(Stored records)
=== Begin Enclosure ===

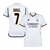 Camisa Real Madrid Home 23/24 Raul 7 Torcedor Masculino - Branco (Personalização Ídolo)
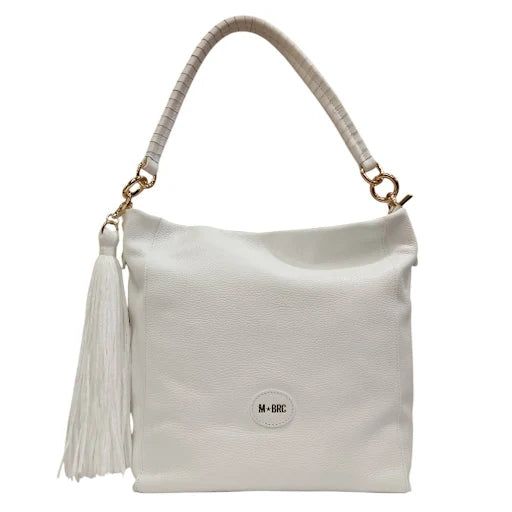 Borsa mbrc Obona Bianca C079 pelle.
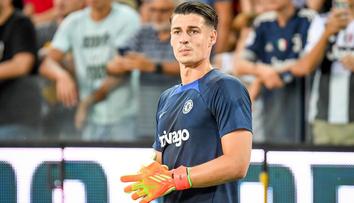 Real má náhradu za zraněného Courtoise. Přijde gólman z Chelsea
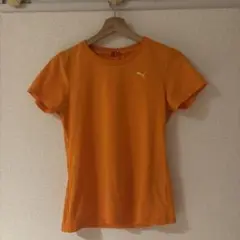NIKE Tシャツ　オレンジ
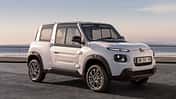 Citroen E-Mehari 2018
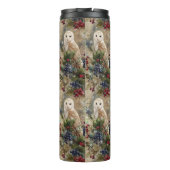 Bouteilles Isothermes Enchanting Floral Owl (Dos)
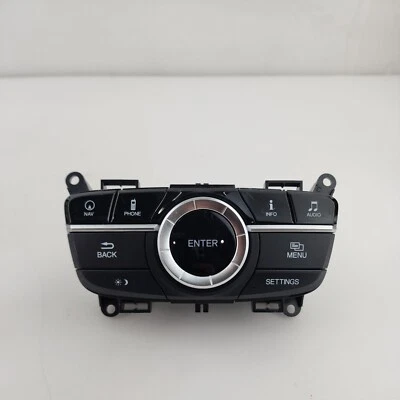 Panel de control de radio Acura TLX 2015 2016 2017 2018 2 M57122 OEM TZ3-A120 Foto 1 de 4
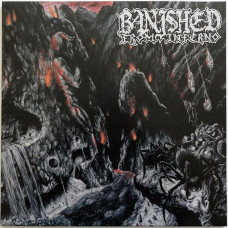 Banished From Inferno "Minotaur" LP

=== End Enclosure ===

Only the lines from the one with "Panel de control" through the final line of the entries above are to be repeated, exactly as written and without pictures.

 Panel de control de radio Acura TLX 2015 2016 2017 2018 2 M57122 OEM TZ3-A120 Foto 1 de 4
 Banished From Inferno "Minotaur" LP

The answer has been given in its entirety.